Supplied data Start Marker
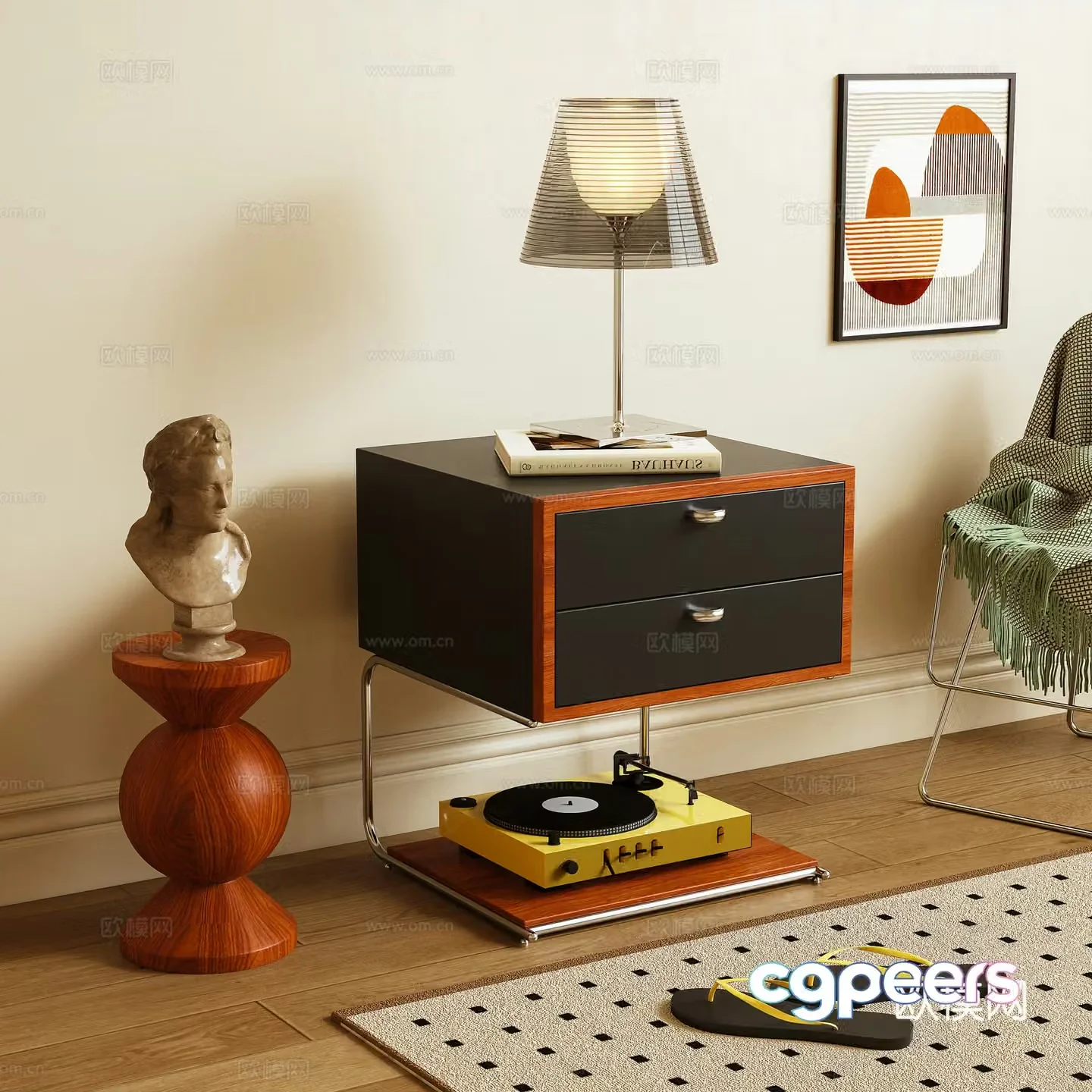 Bedside table side cabinet 3d model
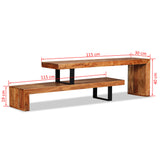 NNEVL TV Stand Solid Acacia Wood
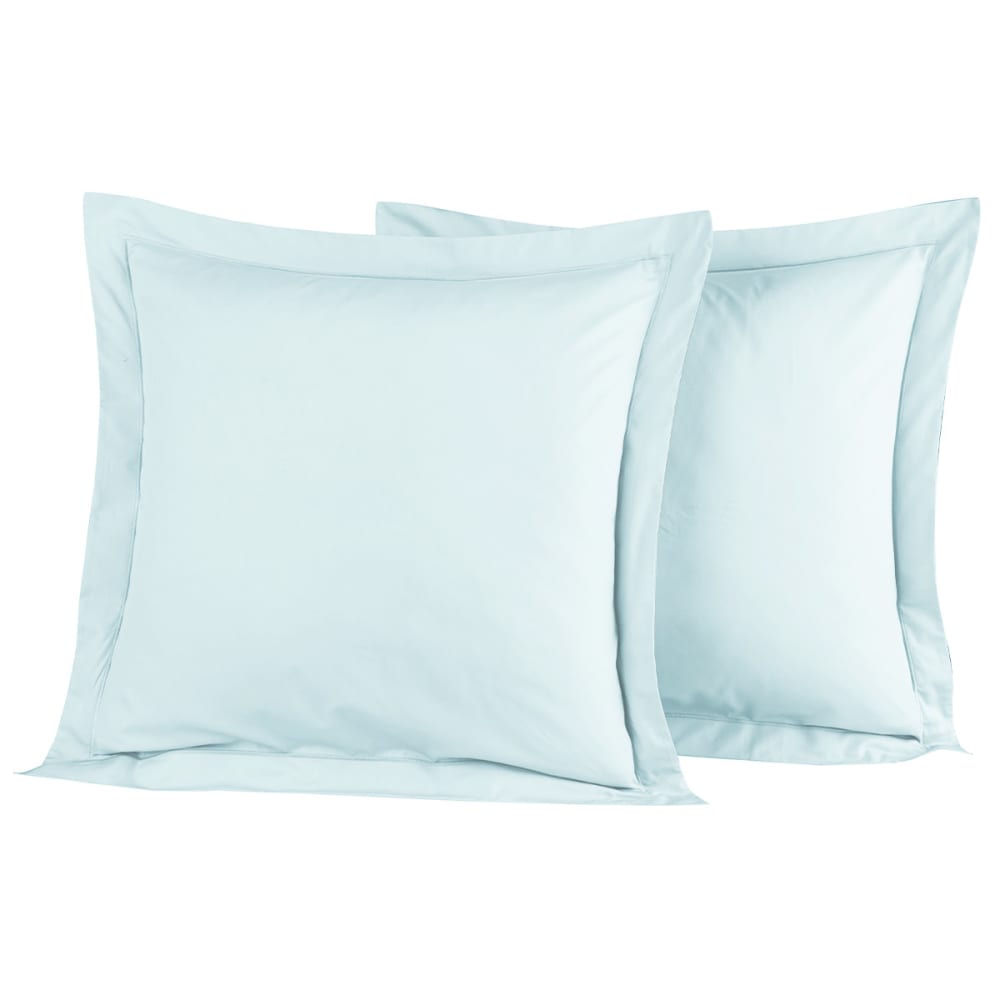 Sensei Maison Llot de 2 taies d'oreiller en percale de coto nuage 65x65 cm style classique chic Bleu Certifié Oeko-Tex Coton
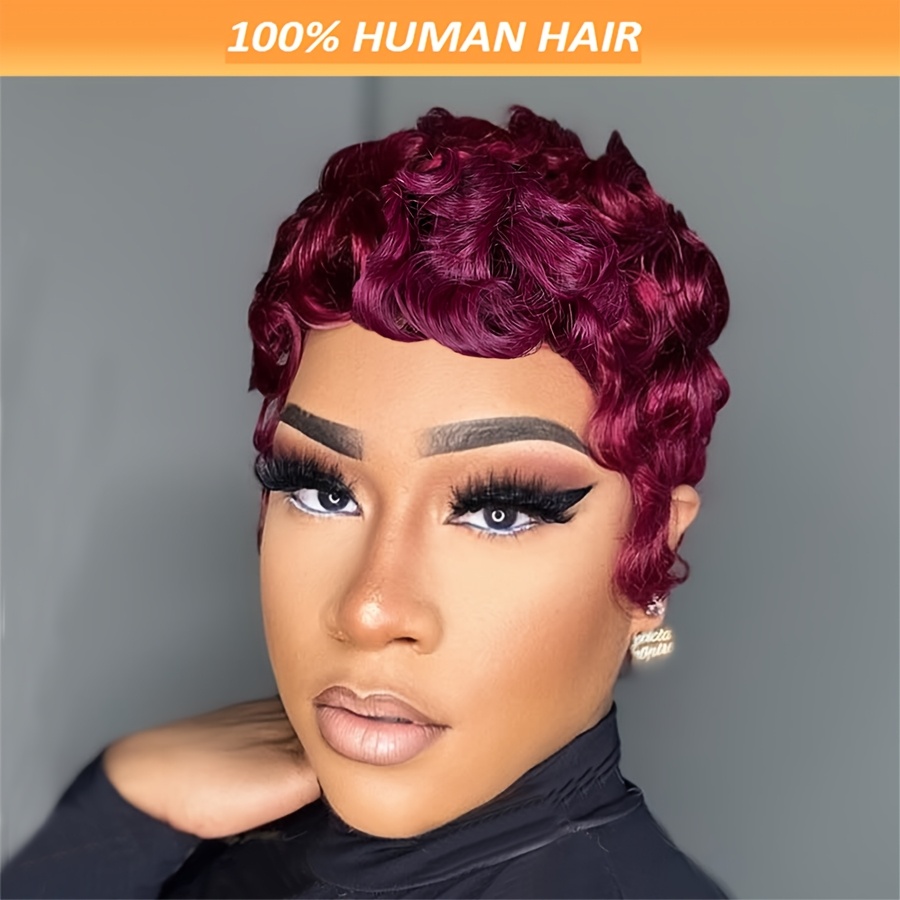 

Women's Short Loose Wave Wig, 180% Density Human Hair Basics Style Wig, Glueless Cap, Elegant Deep 6 Inch Mother Wig With 99j Color For Women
Supplied data End Marker
## What the task asks
Apart from the pictures, the material above has to be repeated exactly.

## Exercise response
 Bedside table side cabinet 3d model
 NNEVL TV Stand Solid Acacia Wood
 Sensei Maison Llot de 2 taies d'oreiller en percale de coto nuage 65x65 cm style classique chic Bleu Certifié Oeko-Tex Coton

Women's Short Loose Wave Wig, 180% Density Human Hair Basics Style Wig, Glueless Cap, Elegant Deep 6 Inch Mother Wig With 99j Color For Women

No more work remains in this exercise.